**Exercise description:** Leave the pictures out and write out exactly the lines from the top of the entries through the line containing "Dye Brush Combs".

**Records shown:**

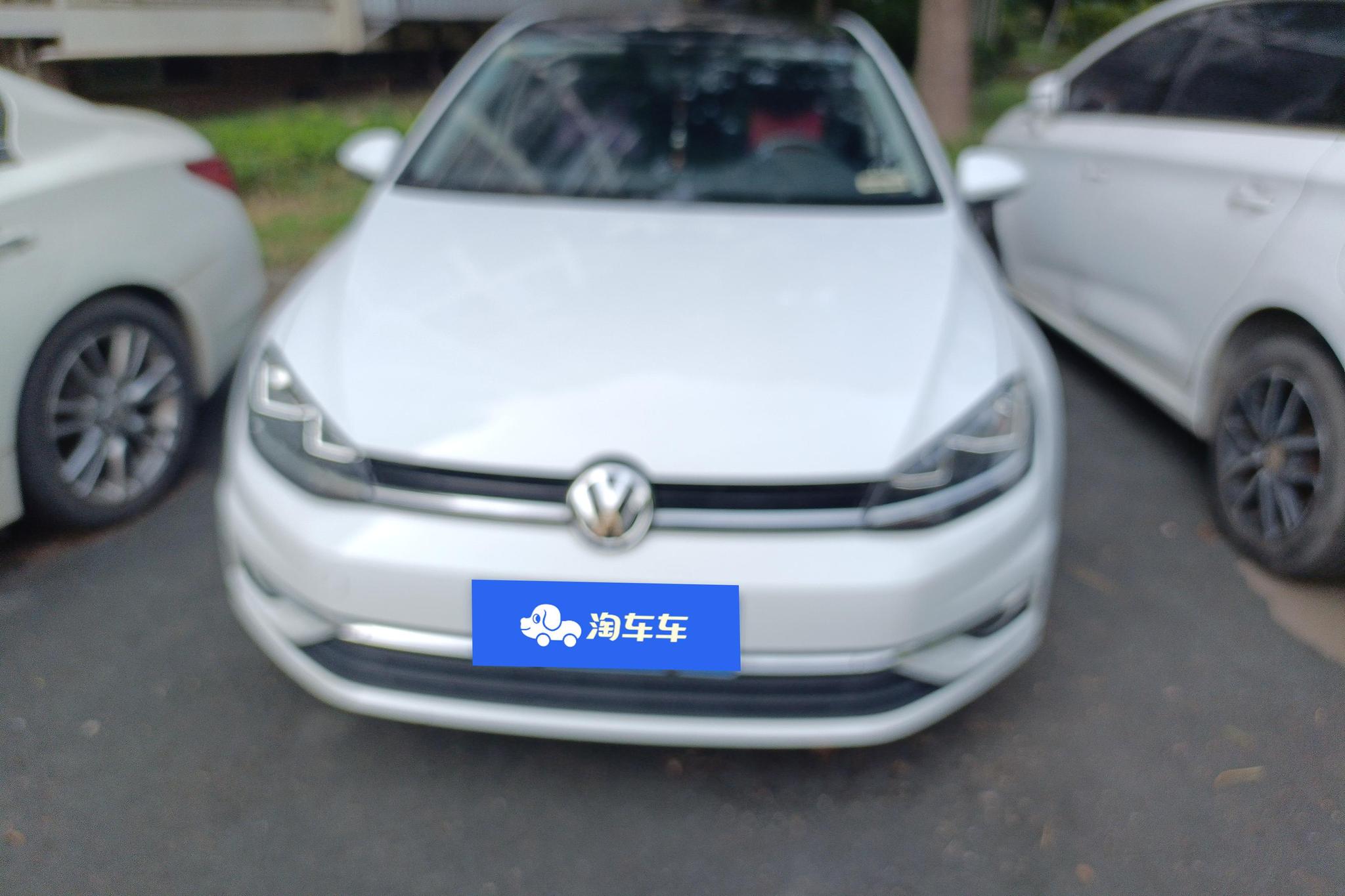 Volkswagen Golf 2020 280TSI DSG Luxury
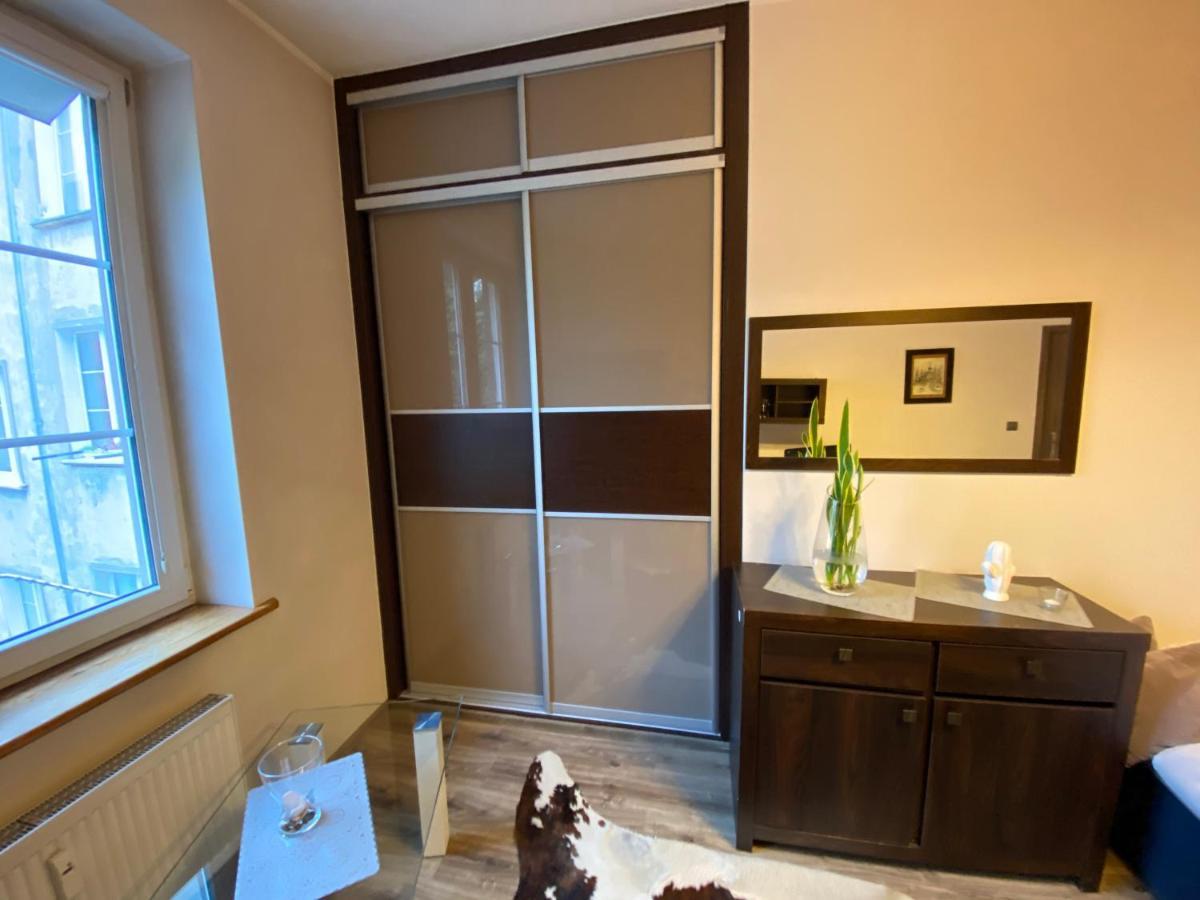 Gdanskie Apartamenty - Apartamenty Na Dlugiej I Na Garbary * Gdansk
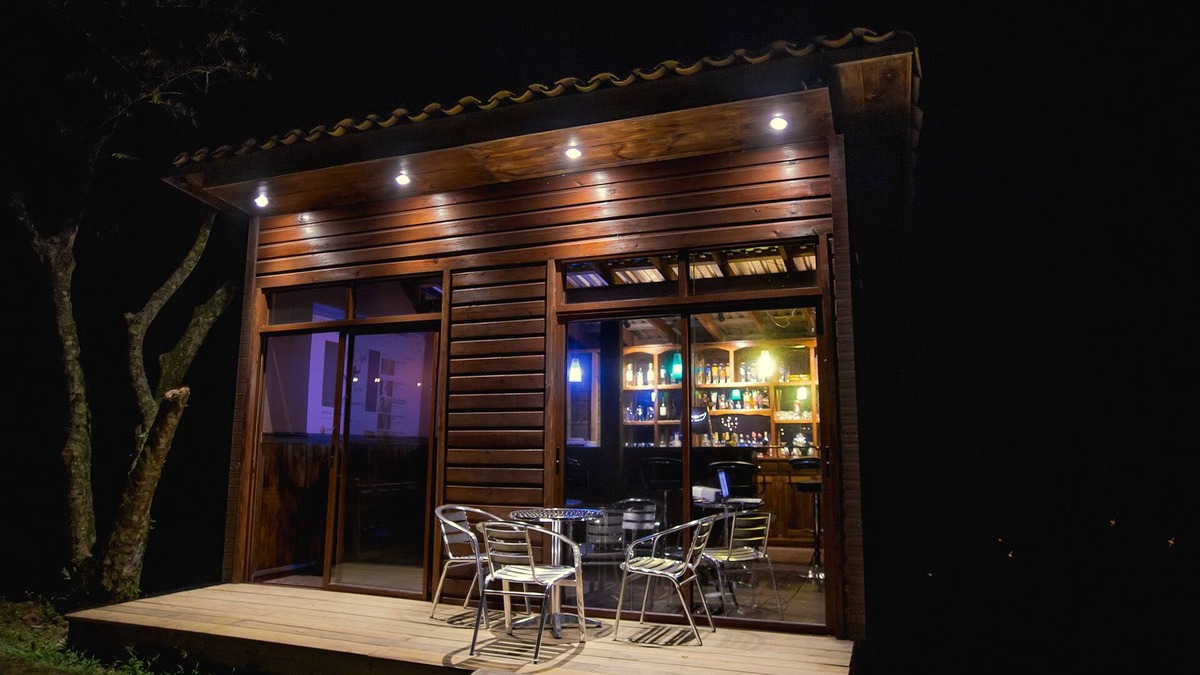 Marcala Hotel | Hotel Montecillos
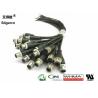 Buy cheap Circular Connector M12 Cable Assembly from wholesalers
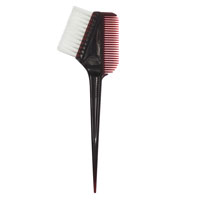 Dye Brush Combs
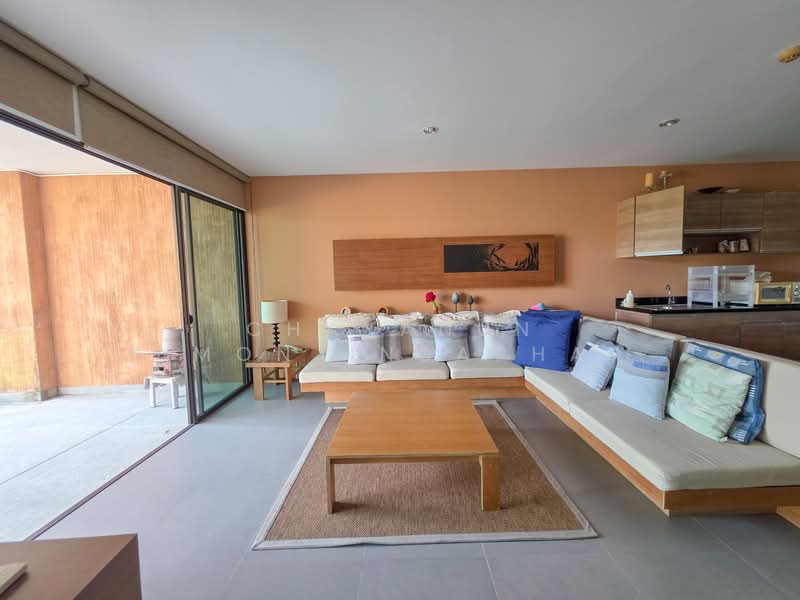 Baan Chaan Talay : บ้านชานทะเล, เพชรบุรี, 747 เพชรเกษม, ชะอำ, ชะอำ, เพชรบุรี, 180 ตร.ม., คอนโด ขาย, โดย Chayanun Amonjindaphat, 500194985 - DDproperty.com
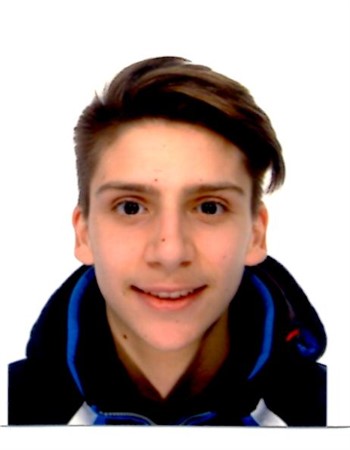 Profile picture of Lorenzo Mirabella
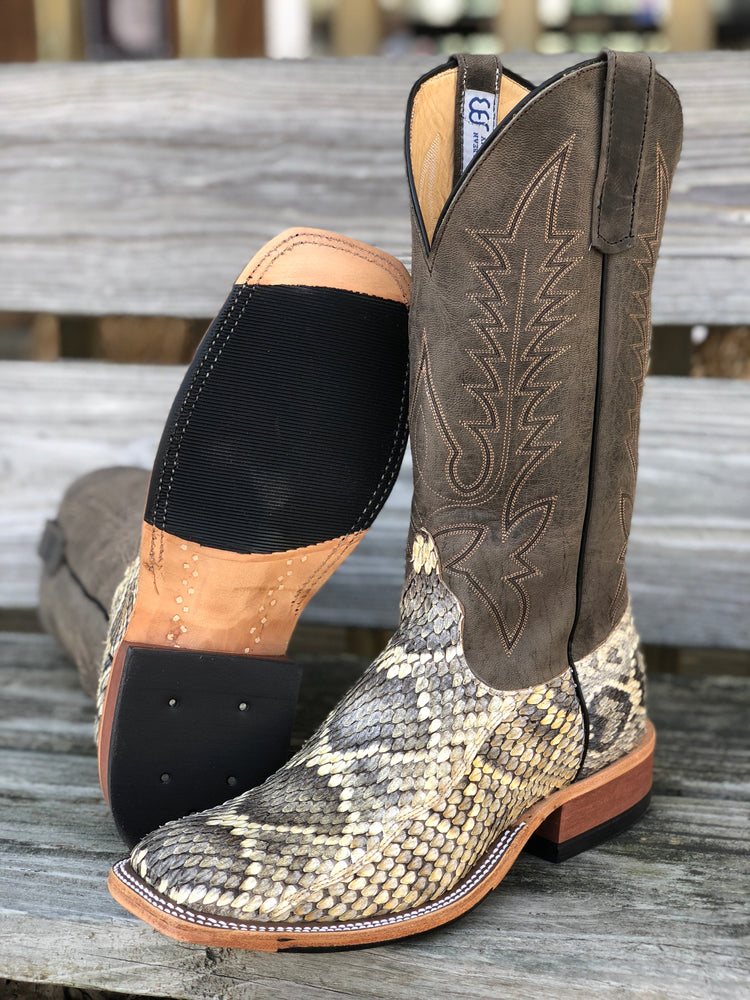diamondback cowboy boots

**Answer below:**
 Volkswagen Golf 2020 280TSI DSG Luxury
 Gdanskie Apartamenty - Apartamenty Na Dlugiej I Na Garbary * Gdansk
 Marcala Hotel | Hotel Montecillos
 Buy cheap Circular Connector M12 Cable Assembly from wholesalers
 Dye Brush Combs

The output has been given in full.